Comprendre le tarif des psychologues

La question du tarif des séances de psychothérapie est un point important à évaluer avant d’entamer ce type de démarche. Être au clair sur le tarif permet ensuite de ne plus avoir à y penser lors du travail psychothérapeutique.

Le tarif fixe la rémunération du psychologue qui vous accompagne. Il comprend aussi bien le travail en séance que celui effectué entre les séances.

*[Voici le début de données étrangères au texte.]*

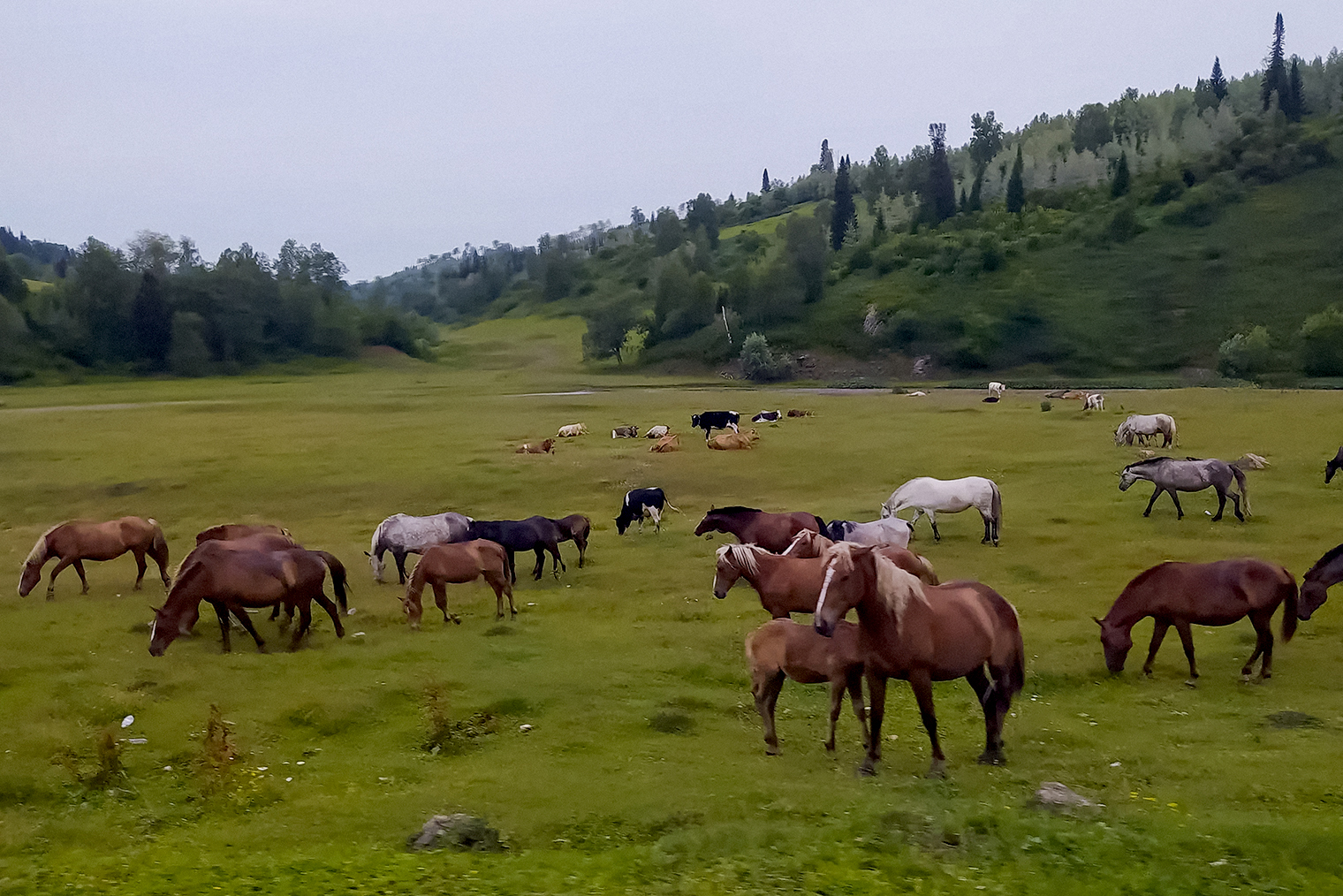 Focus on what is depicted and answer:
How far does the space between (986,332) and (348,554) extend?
81.5 meters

En effet, le psychologue continue de penser à ses patients et de travailler à leurs situations au-delà des moments de rencontre. Le tarif inclut également un certain nombre de tâches annexes : factures pour mutuelle, orientation vers d’autres professionnels de santé, appel et prise de RDV, appels ou courriers pour coordination avec les psychiatres, médecins généralistes, CMP médecins du travail, etc.

Le prix proposé par les psychologues et psychothérapeutes installés en libéral (hors du secteur public) se situe en général entre 50e et 100e par séance. Mais la durée d’une séance peut également varier : entre 30mn et 60mn selon les professionnels.

Loin d’être choisi arbitrairement, le tarif proposé dépend ainsi de plusieurs critères :

  • le type de travail effectué (thérapie individuelle, thérapie de couple, consultation spécialisée, bilan et tests psychologiques, etc.)
  • la durée de la séance
  • les diplômes et l’expérience du praticien
  • le lieu de consultation (centre de paris ou périphérie) et donc le loyer à payer
  • le type de locaux et les équipements associés (interphone, sécurité, salle d’attente, toilettes, secrétaire, etc.)
  • le montant des cotisations sociales

Ex : une séance au tarif de 60e comprend le prix du loyer (5e en moyenne) et environ 30% de cotisations sociales (20e). Le psychologue gagne ainsi 35e par séance.

Du côté du patient ?

Le tarif proposé doit ainsi permettre au psychologue de continuer à travailler de manière pérenne et dans de bonnes conditions Mais il doit également permettre au patient d’avoir accès à des soins psychologiques sans que le montant des séances ne devienne pour lui un poids, une source d’angoisse ou une source de mécontentement.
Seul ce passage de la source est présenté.